Às vezes, acordo em meio a calma perturbadora. A casa morre enquanto eles estão dormindo. O vento morre. As flores se encolhem no jardim. É surpreendente que o dia amanheça. Então, tudo recomeça. Meu esforço vão para que o primeiro a levantar não desperte o que permanece dormindo. As roupas reviradas, os brinquedos a pilha miando, mugindo, cacarejando, relinchando nos meus ouvidos. Preparo tudo veloz como uma bala para ouvir de recompensa: eu não quero suco de goiaba, o pão está duro, quero o leite frio, tem formiga no açúcar. Escorrego no minicarro de bombeiros enquanto corro para procurar uma meia que se perdeu – sempre falta uma meia! Praguejo com fúria, em pensamento, e o que sai da boca é no máximo: inferno, quem botou esse carrinho aqui?! Consigo chamar a atenção dos dois, sentados no sofá esperando. Lançam para cima de mim olhares de anjo questionador. Sinto que sou impura e tola perto deles. Passo a mão pelos cabelos assanhados, desvio o foco, encontro a meia perdida.

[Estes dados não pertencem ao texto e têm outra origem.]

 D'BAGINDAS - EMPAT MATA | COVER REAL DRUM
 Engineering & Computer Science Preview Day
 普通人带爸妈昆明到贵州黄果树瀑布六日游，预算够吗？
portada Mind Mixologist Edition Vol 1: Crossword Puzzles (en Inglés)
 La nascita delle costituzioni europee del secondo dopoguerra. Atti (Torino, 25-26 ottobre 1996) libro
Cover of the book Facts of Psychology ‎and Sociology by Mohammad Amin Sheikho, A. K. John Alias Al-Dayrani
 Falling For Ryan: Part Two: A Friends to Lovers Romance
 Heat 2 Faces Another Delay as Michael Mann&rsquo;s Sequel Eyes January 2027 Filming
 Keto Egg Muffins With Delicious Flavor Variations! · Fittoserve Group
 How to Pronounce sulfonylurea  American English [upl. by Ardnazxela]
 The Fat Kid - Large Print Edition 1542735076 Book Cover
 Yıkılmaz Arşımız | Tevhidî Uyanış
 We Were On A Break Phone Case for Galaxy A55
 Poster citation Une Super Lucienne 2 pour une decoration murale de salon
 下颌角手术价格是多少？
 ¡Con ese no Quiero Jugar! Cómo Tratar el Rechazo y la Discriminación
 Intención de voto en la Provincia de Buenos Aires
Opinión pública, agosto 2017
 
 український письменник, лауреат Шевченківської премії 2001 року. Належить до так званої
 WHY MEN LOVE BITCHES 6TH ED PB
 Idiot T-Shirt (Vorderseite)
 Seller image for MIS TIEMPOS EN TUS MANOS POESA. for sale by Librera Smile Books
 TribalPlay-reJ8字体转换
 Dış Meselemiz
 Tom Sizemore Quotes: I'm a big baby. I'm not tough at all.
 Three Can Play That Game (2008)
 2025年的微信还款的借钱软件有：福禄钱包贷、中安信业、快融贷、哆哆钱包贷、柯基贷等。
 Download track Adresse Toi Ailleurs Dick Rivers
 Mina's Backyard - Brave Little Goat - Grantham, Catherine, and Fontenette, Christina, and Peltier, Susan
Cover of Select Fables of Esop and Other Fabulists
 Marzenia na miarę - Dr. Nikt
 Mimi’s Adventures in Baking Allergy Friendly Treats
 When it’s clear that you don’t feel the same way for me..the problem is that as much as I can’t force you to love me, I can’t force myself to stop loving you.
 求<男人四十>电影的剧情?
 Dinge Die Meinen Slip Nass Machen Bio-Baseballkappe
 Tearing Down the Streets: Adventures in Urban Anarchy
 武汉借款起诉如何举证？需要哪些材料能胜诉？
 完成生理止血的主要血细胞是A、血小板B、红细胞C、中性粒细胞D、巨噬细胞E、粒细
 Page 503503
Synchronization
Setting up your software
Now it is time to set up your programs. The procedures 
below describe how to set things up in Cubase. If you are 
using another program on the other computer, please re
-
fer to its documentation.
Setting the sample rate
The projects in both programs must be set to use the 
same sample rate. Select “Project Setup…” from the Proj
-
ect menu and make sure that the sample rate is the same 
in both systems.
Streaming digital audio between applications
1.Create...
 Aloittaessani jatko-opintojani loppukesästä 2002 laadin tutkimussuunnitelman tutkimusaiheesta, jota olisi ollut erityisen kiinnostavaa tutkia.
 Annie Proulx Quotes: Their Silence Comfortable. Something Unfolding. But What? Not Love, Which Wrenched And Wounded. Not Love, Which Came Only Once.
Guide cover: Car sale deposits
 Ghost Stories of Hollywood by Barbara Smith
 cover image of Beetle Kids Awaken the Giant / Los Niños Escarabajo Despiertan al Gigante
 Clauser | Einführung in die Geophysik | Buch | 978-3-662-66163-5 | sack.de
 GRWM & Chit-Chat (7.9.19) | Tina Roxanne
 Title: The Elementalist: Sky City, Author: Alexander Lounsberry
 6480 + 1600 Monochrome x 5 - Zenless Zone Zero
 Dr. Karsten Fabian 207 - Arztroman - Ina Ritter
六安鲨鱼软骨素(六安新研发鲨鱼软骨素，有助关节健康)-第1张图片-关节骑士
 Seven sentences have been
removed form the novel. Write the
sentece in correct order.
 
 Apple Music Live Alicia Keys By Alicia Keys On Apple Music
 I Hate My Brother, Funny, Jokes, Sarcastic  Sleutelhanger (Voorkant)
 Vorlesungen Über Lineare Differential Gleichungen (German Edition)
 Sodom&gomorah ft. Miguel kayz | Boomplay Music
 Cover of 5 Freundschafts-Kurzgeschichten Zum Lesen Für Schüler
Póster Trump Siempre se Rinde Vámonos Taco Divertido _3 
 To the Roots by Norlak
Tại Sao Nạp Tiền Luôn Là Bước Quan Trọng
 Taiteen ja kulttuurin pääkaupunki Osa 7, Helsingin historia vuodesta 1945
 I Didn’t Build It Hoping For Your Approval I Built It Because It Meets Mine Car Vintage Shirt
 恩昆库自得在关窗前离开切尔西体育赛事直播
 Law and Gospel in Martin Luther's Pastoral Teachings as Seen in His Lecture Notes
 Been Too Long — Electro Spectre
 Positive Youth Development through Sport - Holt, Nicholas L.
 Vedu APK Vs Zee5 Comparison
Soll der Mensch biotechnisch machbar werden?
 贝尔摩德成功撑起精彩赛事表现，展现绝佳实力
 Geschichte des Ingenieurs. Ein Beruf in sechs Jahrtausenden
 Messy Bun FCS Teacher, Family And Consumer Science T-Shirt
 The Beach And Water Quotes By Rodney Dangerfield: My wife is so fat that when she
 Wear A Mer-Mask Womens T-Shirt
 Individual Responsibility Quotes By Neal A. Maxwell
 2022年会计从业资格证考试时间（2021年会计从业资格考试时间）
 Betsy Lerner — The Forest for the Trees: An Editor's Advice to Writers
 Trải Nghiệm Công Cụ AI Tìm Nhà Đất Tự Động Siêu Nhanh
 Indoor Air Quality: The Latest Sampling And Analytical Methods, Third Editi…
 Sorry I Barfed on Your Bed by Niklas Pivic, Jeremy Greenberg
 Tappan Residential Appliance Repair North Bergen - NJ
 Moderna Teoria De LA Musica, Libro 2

Esses pequenos já começam o dia me dando grandes lições. A maior de todas – considerando o amor autodidata – é de paciência, certamente. Estão no carro, com os cintos das cadeiras afivelados, e quando fecho a porta do lado do motorista alguém diz que quer fazer cocô. Preciso correr com esse para o vaso porque, crescendo a jato como crescem, é claro, não usam mais fraldas. E depois da coisa feita nada de limpar o bumbum, fui eu quem ensinou que bumbum não se limpa, bumbum se lava e os danados aprenderam direitinho. Até isso deve ser tempo aproveitado. Eles não aceitarão a vida inteira, como os amigos, acompanhar os pais nas férias de final de ano. Um ou outro gritará da janela ao me ver abrir o portão da garagem rumo ao supermercado: “mãe, não esqueça a lâmina de barbear”. Meus filhos serão homens de barba – como isso era impensável na sala de parto.

Os meninos parecem crescer sozinhos, porém, é verdade que também estou envelhecendo. Daqui a pouco esses graus nos óculos não me servem mais, precisarei de lentes novas. A pele do rosto, do pescoço e do corpo inteiro estará menos elástica e mais seca, fará desenhos em mim. Fios brancos darão o novo tom do meu cabelo. Meus filhos estão crescendo para a juventude, eu estou passando para a velhice e para a morte. Por isso é incrível que o crescimento deles pese mais do que o meu envelhecimento. Talvez porque olho cada vez menos para o espelho. Prefiro sentir a calmaria efervescente do reflexo da minha alma na alma deles.

*Isolda Herculano. Texto vencedor do I Concurso de Crônicas Ivone dos Santos (2016) promovido pela Secretaria de Estado da Cultura de Alagoas.